**ASSIGNMENT:** Write every line of the material again exactly, with no pictures in the copy.

**INPUT RECORDS:**

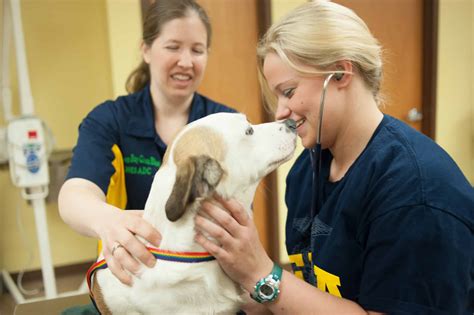 6 Tips for a Career in Veterinary Medicine - National FFA Organization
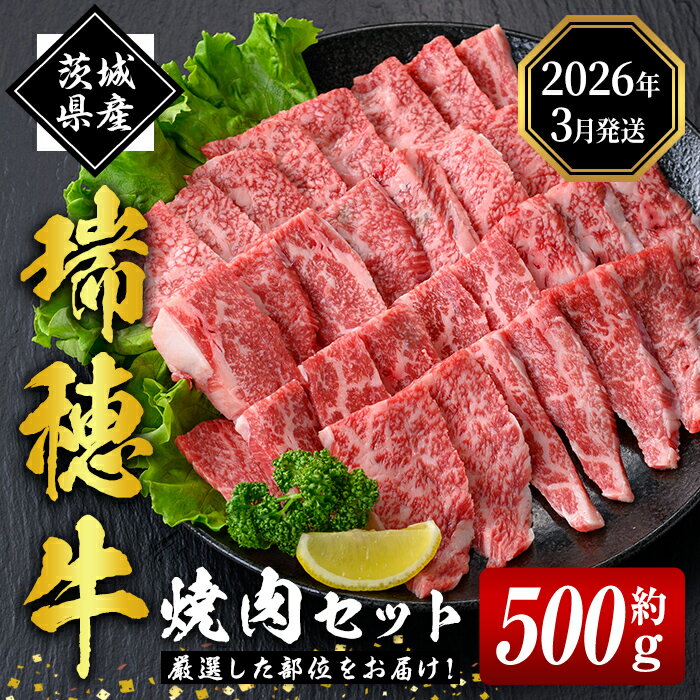 【ふるさと納税】 ＜2026年3月中に発送＞ 瑞穂牛焼肉セット 約500g 牛肉 やきにく バラ 肩ロース 肩 肩バラ トモサンカク イチボ ブランド牛 茨城県 お中元 焼肉の日 敬老の日 瑞穂牛 焼肉 10種 詰め合わせ 食べ比べ 国産 BBQ 【（株）フロンティアロード】【ho0858-1-03】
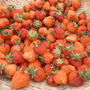 イチゴ栽培☆苺の自家製天然酵母作り方と応用レシピ 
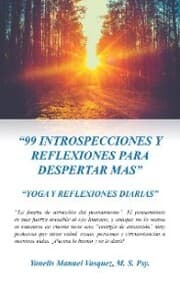 Cover von '99 INTROSPECCIONES Y REFLEXIONES PARA DESPERTAR MAS'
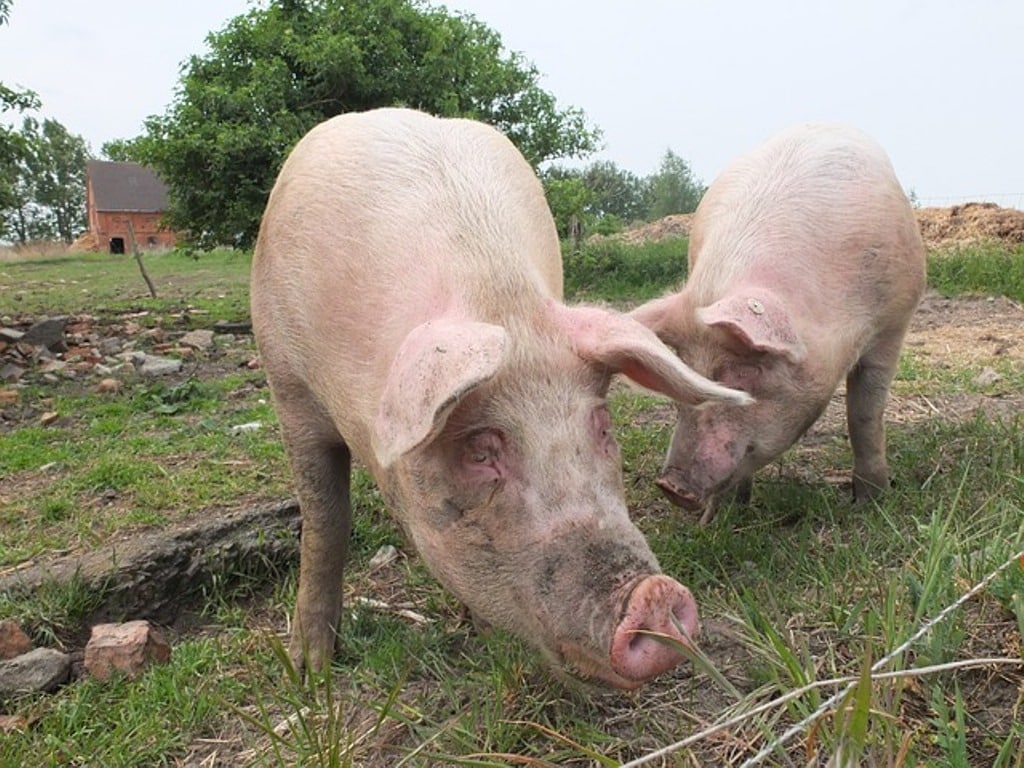 España superó a Alemania y lideró el censo de animales porcinos en la UE durante 2015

**SOLUTION TO THE PROBLEM:**
 6 Tips for a Career in Veterinary Medicine - National FFA Organization
 【ふるさと納税】 ＜2026年3月中に発送＞ 瑞穂牛焼肉セット 約500g 牛肉 やきにく バラ 肩ロース 肩 肩バラ トモサンカク イチボ ブランド牛 茨城県 お中元 焼肉の日 敬老の日 瑞穂牛 焼肉 10種 詰め合わせ 食べ比べ 国産 BBQ 【（株）フロンティアロード】【ho0858-1-03】
 イチゴ栽培☆苺の自家製天然酵母作り方と応用レシピ 
 Cover von '99 INTROSPECCIONES Y REFLEXIONES PARA DESPERTAR MAS'
 España superó a Alemania y lideró el censo de animales porcinos en la UE durante 2015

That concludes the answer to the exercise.